Marchini obiettore, Raggi maestrina. È caccia ai voti della destra e dei vescovi

11 Maggio 2016

Continua la svolta a destra di Alfio Marchini, in corsa per la poltrona di Sindaco di Roma. Dopo l’abbraccio (mortale?) di Silvio Berlusconi e di tutti gli apparati a lui affiliati, l’ex candidato civico punta chiaramente a caratterizzare la sua campagna elettorale cercando l’appoggio degli ambienti più vicini e compatibili con quella che ormai è a tutti gli effetti la sua area politica di riferimento. Da questo deriva il suo posizionamento sul tema delle unioni civili, esplicitato ieri con una frase assai poco equivocabile: «Non ho nulla contro il riconoscimento dei diritti civili, ma non è compito del sindaco fare queste cose, per cui non celebrerò unioni gay se dovessi vincere le elezioni». Una sorta di “obiezione di coscienza” che serve unicamente ad occupare uno spazio politico, dato che assai raramente il sindaco di Roma celebra direttamente matrimoni laici e nella quasi totalità dei casi delega.

La verità è che l’imprenditore, già consigliere comunale part time, punta a rosicchiare più voti possibili a Giorgia Meloni, la vera avversaria da battere il 5 giugno. Perché al di là dell’obiettivo dichiarato di centrare il ballottaggio, la vera posta in palio nel centrodestra è la leadership contesa tra Berlusconi e Salvini. E la partita romana sarà dirimente. C’è poi la corsa ai voti delle gerarchie cattoliche, da non confondersi con i voti dei cattolici che in maggioranza non percepiscono assolutamente l’estensione dei diritti come una minaccia. I vescovi non hanno nascosto il loro fastidio per la legge sulle unioni civili e considerano tutti i residuali difensori della presunta “famiglia tradizionale” come potenziali alleati.
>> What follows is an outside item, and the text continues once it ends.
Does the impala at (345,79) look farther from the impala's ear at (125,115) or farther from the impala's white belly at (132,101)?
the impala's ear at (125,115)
Ma se Marchini è spudorato, c’è chi giocando con le parole non chiude la porta in faccia a nessuno. Si tratta di Virginia Raggi, sfuggente candidata del Movimento 5 Stelle che pur attaccando lo sfidante berlusconiano, non rinuncia al suo consueto (e insopportabile) piglio da maestrina, puntualizzando così: «Farei un distinguo: il comune di Roma non celebra matrimoni gay. Abbiamo la possibilità a Roma come sindaci di celebrare unioni civili. Sulle unioni gay, si vedrà». Si vedrà cosa? Questo non è dato saperlo. Ma che ci sia un dialogo neanche troppo sotto traccia tra esponenti del Movimento 5 Stelle e i piani alti del Vaticano non è un mistero.

Certo, la Virginia su certi argomenti non può che andare con i piedi di piombo, perché deve gestire anche lo zoccolo duro di un elettorato assai particolare. E ciò non le consente di sbilanciarsi più di tanto su posizioni filo-clericali. In fondo, se un grillino si mette ad osservare le nuvole a Međugorje, non vede madonne ma al massimo scie chimiche.